> [Provided data]
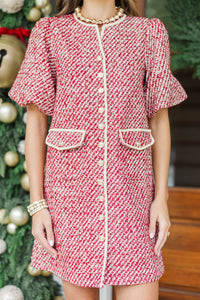 Dressed Well Red Tweed Dress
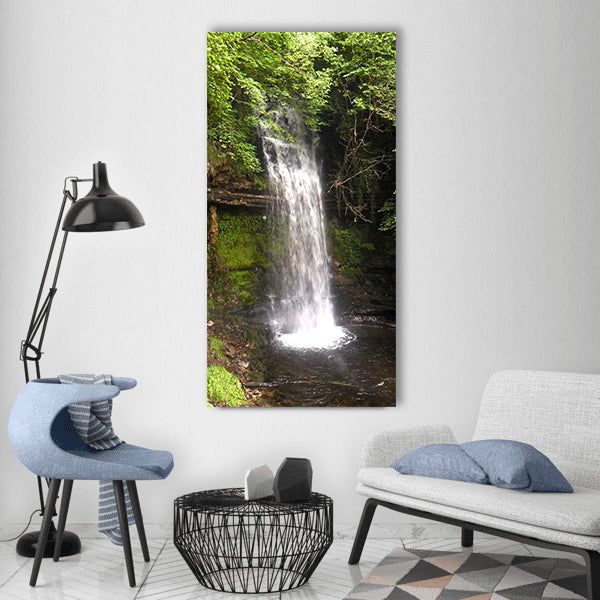 Waterfall green water nature Vertical Canvas Wall Art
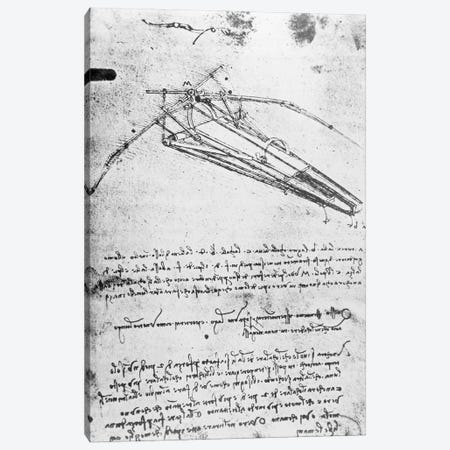 Design for a flying machine, folio 74v 143, c.1488  Canvas Print #BMN3345} by Leonardo da Vinci Canvas Art Print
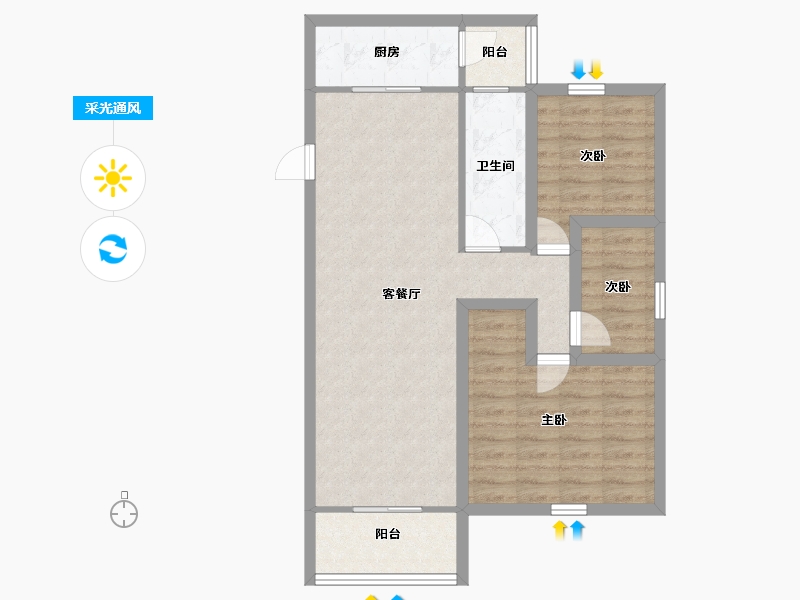 广东省-深圳市-颐合花园-76.94-户型库-采光通风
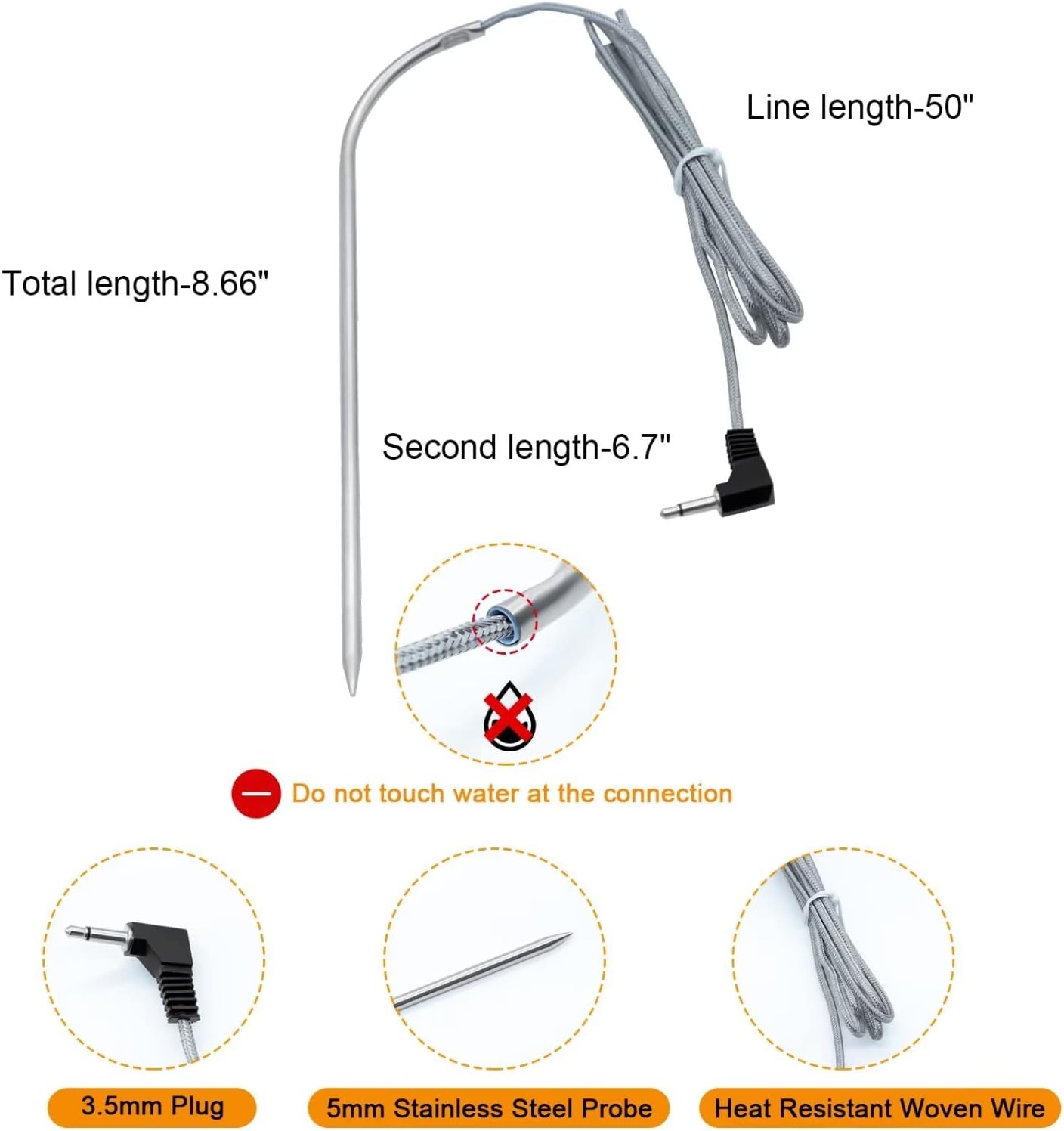 Meat Probe Part 9004190170 Meat Probes Kit fits Masterbuilt Gravity 560, 800, 1050 Ser ...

> [The task] From the entries above, copy exactly the lines starting at the one with "Waterfall green water" and stopping at the one with "广东省-深圳市-颐合花园-76.94-户型库-采光通风", keeping both ends. Drop the pictures.

> [Problem solution]
 Waterfall green water nature Vertical Canvas Wall Art
 Design for a flying machine, folio 74v 143, c.1488  Canvas Print #BMN3345} by Leonardo da Vinci Canvas Art Print
 广东省-深圳市-颐合花园-76.94-户型库-采光通风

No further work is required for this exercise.